I didn't want that money. Sure, there are
things that I would like to buy — a plane ticket to some random U.S. city,
a new bass guitar, CDs, etc. But I certainly didn't want this
money, this bribe, to supply these things
I wanted to give my rebate to some kind
of charity — a rape crisis center or a religious organization that cares
for the homeless. This would be the best way to live my beliefs. An
action like that would far outlast my
writings and my rants to the uncaring and disagreeing audiences. I guess
burning the money would be far more dramatic and metaphorical
— but honestly, that's just stupid.
My check was supposed to be among the first
issued, according to the system the government is using.
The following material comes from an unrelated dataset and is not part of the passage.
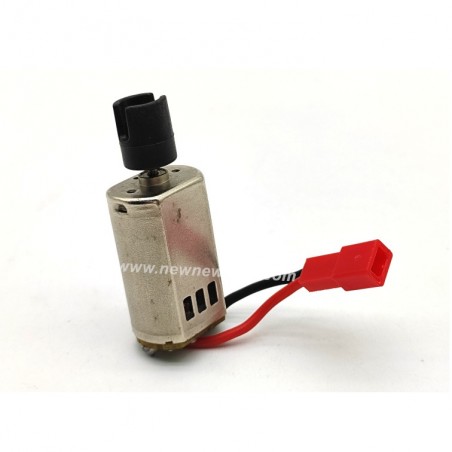 HXJRC HJ812 rc boat parts motor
I checked my mail
and received a letter from the U.S. treasury.
Curses. I will not be receiving a check.
My father claimed me when he did his taxes.
If your parents or caretakers claim you, you will not receive a check.
Although I am disappointed, I wasn't upset. My parents are
supposed to claim me because I am still
a dependent. And I am determined to scrounge up some cash to make a donation
to a non-profit organization anyway.
Millions of Texans voted in the presidential
election this November. About 59 percent of those voters said, "Yes. We
choose you, George W. Bush. We choose your missile
defense, your plans to drill in a wildlife
refuge, your flimsy social security plan and, most of all, your massive
The other 41 percent of us voted for a
candidate who supported either a smaller tax rebate or no rebate at all.
Before you continue reading, we need to
get something straight. I know that a lot of us don't have $300 to give
to a charity. Many of us are up to our necks in student loans and
credit card debt, thanks to those credit
card vultures who hang out at the University Center, offering us oversized
T-shirts and pencils in exchange for our souls. So if you owe
somebody money or you support President
Bush, feel free to turn to the sports section right about ... now.
For the 12 people still reading, here is
your mission: Don't take that money. Don't blow it at the bar or at The
Gap. We don't need more possessions. We don't need greedy
corporate America nesting in our hearts.
A new shirt would be nice. A few tanks of gasoline would be good. Four
Rolling Rocks and dinner at Star Pizza would be fabulous.
But going to sleep tonight knowing you
can't be bought is of immeasurable value.